Lettre datant du 28 mars 1918 et demandant au commissaire de police de Concarneau de surveiller les faits et gestes du peintre russe Maurice Grün. (Archives municipales de Concarneau)

source: http://www.archives-finistere.fr/le-finistère-dans-la-guerre-1914-1918-outil-pédagogique-13

« L’effort français – Notre infanterie » de Joseph Bédier

(…)La supériorité du nombre, elle vient de la perdre, car, à sa grande stupeur, depuis plusieurs semaines, les Américains sont entrés dans la bataille. Quand, le 28 mars 1918, en un moment très sombre, les généraux Pershing et Bliss, accourus vers les chefs des armées alliées, leur avaient généreusement offert l’assistance immédiate de troupes américaines, ils n’avaient guère pu mettre à leur disposition que 250 000 hommes, et qui ne s’étaient acheminés que peu à peu vers la ligne de feu, pour tenir d’abord, dans les Vosges, les secteurs les plus calmes, du front . Mais à la secondé bataille de la Marne ; c’est par grandes unités constituées que les soldats américains, ont été engagés, et au plus fort des mêlées : à Belleau et à Bouresches, l’ennemi vient d’éprouver leur vaillance, et à Fère et à Sergy [7]. Depuis le mois de mars, les contingents des Etats-Unis débarqués en.
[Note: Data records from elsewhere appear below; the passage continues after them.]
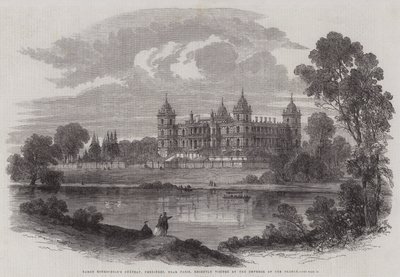 Baron Rothschilds Chateau, Ferrieres, nær Paris, nylig besøkt av franskmennenes keiser (gravering) av English School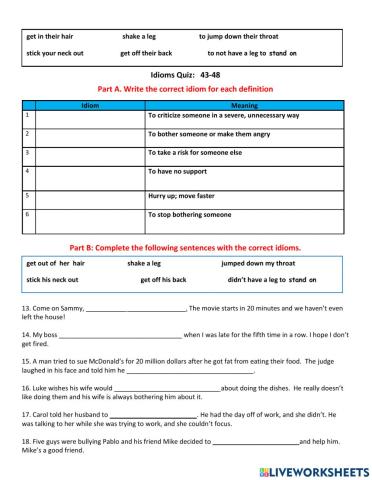 Idioms Quiz 43-48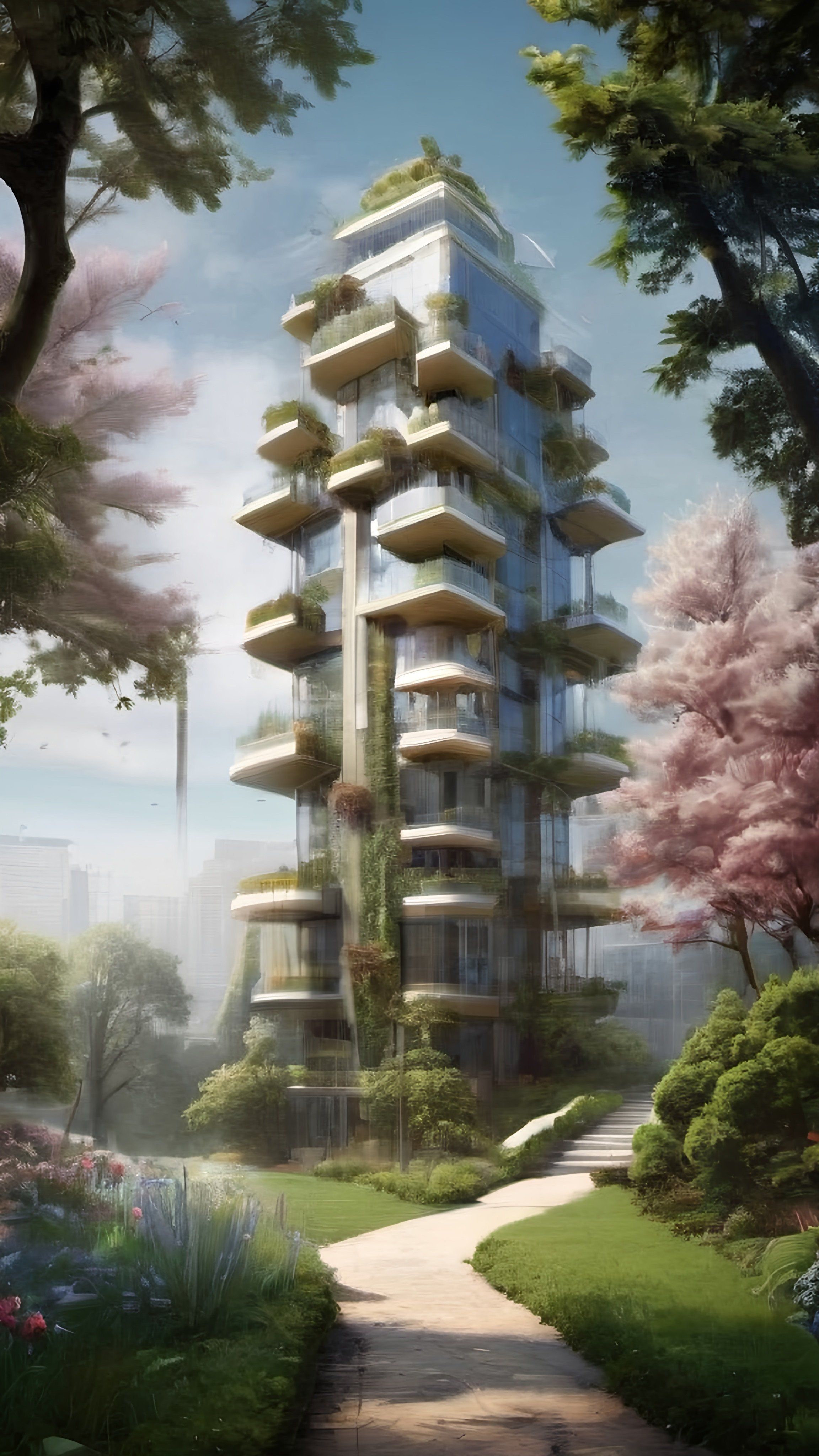 Prompt: a tall building with balconies on the top of it in a park with trees and flowers on the ground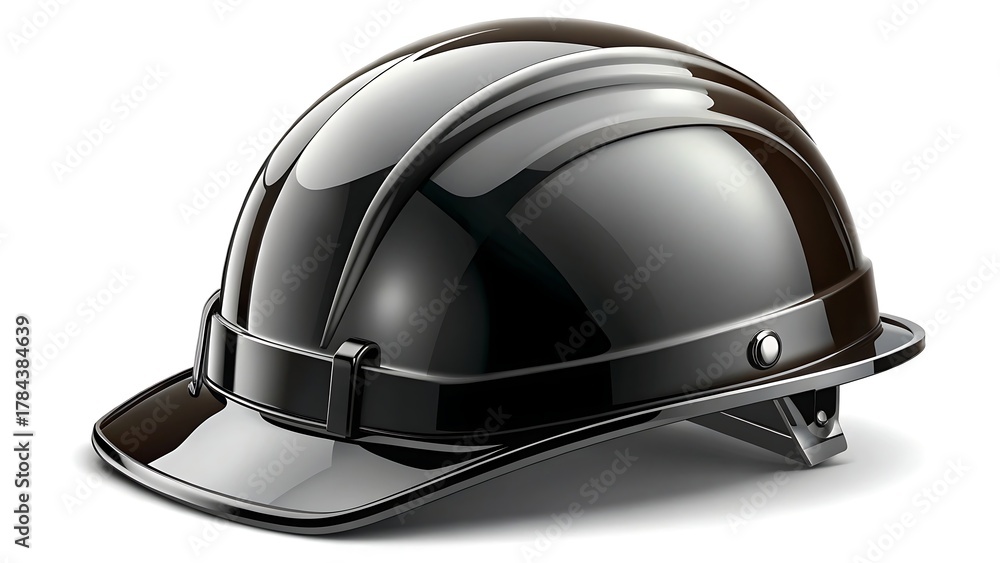 Fototapeta premium A glossy black hard hat isolated on a pure white background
France ont quadruplé : au début de juillet, ils atteignent déjà l’effectif de 900 000 hommes, dont près de 600 000 combattants [8]. Or, d’autres contingents débarquent sans cesse, à raison de 200 000 hommes, de 300 000 hommes par mois, et il en débarquera, ainsi durant des mois encore et, s’il le faut, durant des années .

source: https://fr.wikisource.org/wiki/Notre_Infanterie/03

(vidéo) La cathédrale d’Amiens protégée durant le conflit

La cathédrale d’Amiens est un joyau qui a résisté à  deux guerres ! Le portail, chef d’œuvre du Gothique flamboyant, nous est parvenu intact, malgré les bombardements. Pendant quatre ans, de 1915 à 1919, ses sculptures sont restées cachées derrière des montagnes de sacs, remplis d’argile.
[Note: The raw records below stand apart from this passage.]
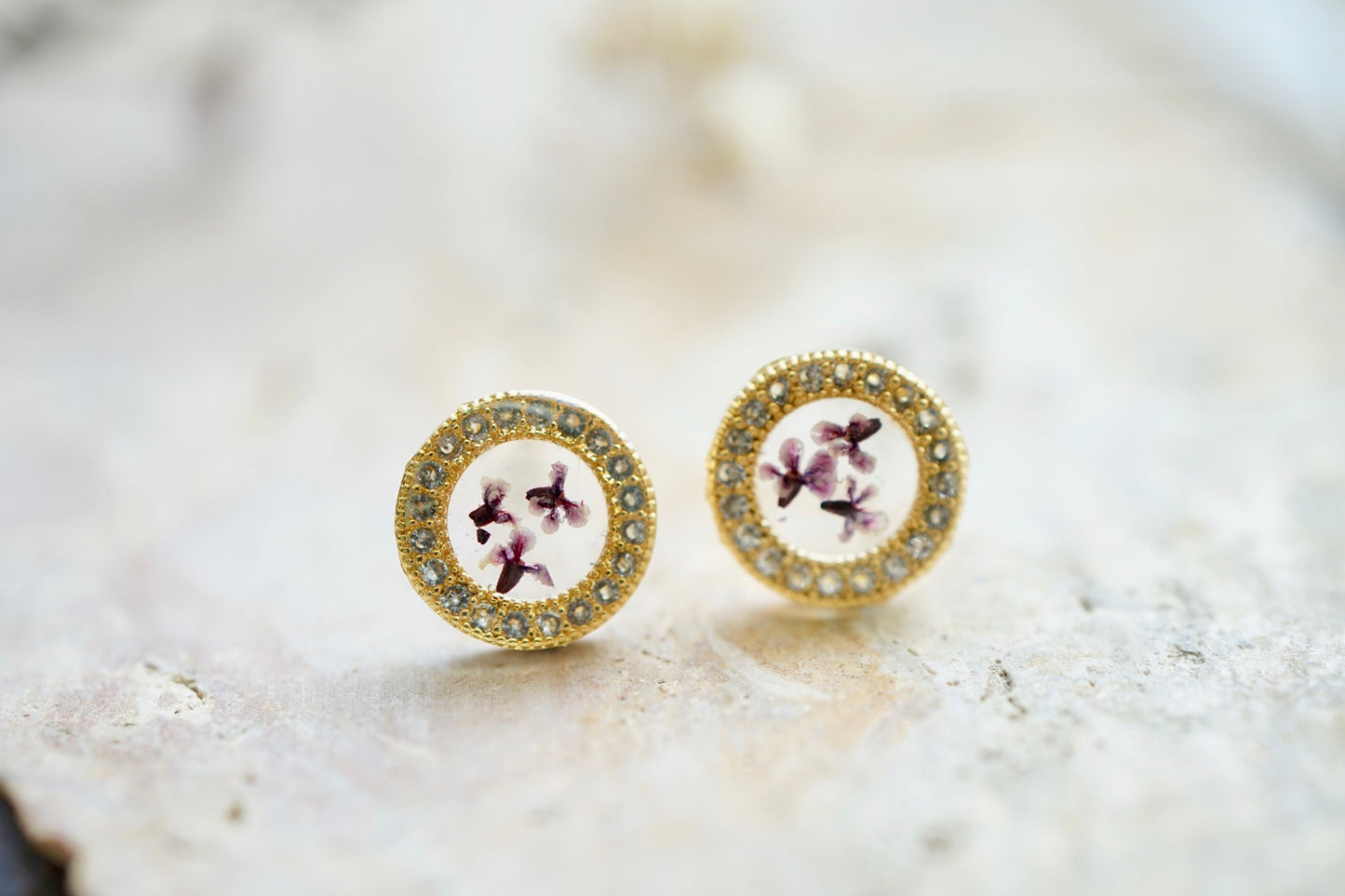 Real Pressed Flowers and Resin Stud Earrings, Gold and Crystals with Purple Flowers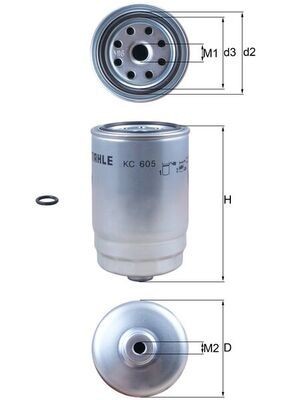 72463162 KNECHT Spin-on Filter Height: 140,3mm Inline fuel filter KC 605D buy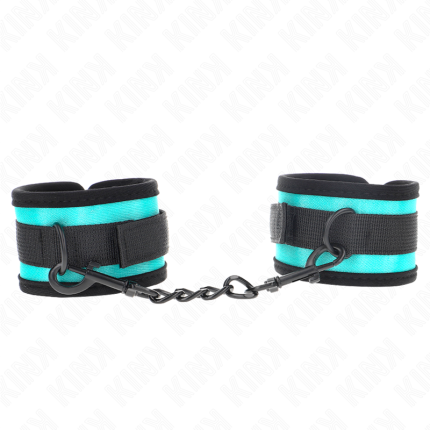 KINK - NYLON-HANDFESSEL MIT KLETTVERSCHLUSS SCHWARZ-BLAU VERSTELLBAR 18-32 CM X 5 CM - Größe X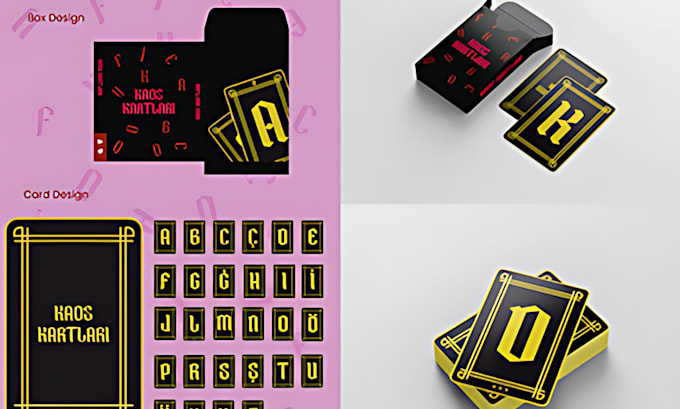 Gig Preview - Design custom playing cards, card game design, card box mockup with rule book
Dans le comble dans la nef une pompe à incendie trône depuis septembre 1915. A l’époque, des canalisations sont installées pour mener l’eau jusqu’ à 45 mètres de haut et des murs coupe-feu sont construits à la base de la flèche.
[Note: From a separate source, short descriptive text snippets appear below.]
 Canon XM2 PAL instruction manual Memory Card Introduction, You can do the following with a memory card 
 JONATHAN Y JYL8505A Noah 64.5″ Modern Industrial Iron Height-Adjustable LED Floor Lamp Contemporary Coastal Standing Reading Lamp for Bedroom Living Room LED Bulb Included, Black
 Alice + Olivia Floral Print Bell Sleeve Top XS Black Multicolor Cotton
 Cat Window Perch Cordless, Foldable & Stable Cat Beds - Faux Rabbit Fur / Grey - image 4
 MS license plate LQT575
L’incendie, c’est la hantise des hommes chargés de protéger Notre Dame d’Amiens. Le martyr de la cathédrale de Reims a marqué le pays. Un ancien pompier de Paris et ses territoriaux veillent.

Les sacs d’argile sont aussi montés à l’intérieur de l’édifice. Et puis l’ange pleureur est déménagé, remplacé par un moule en plâtre. Cet ange deviendra célèbre en devenant le héros des cartes postales expédiées par les soldats britanniques aux quatre coins de l’empire. Au roi Georges V qui s’émerveille, lors d’une visite, on doit avouer qu’il s’agit d’une copie. L’original aura les deux ailes cassées dans un transport malencontreux.

Au printemps 1918, les obus pleuvent et une torpille crève la voûte ; par miracle, elle n’explosera pas. Les vitraux sont déposés, les trésors et tableaux évacués. L’orgue est démonté, avec ses 3500 tuyaux. L’évêque appelle le pape au secours et Benoît XV écrit au nonce de Münich. Il est exaucé : Guillaume II épargne le monument ! Messe libératrice, le 15 août. Le Petit journal décrit une « cathédrale toute endolorie, empaquetée des pansements de ses sacs ». Notre Dame d’Amiens est « comme une blessée, pâle dans sa robe de pierre »… mais elle est sauvée.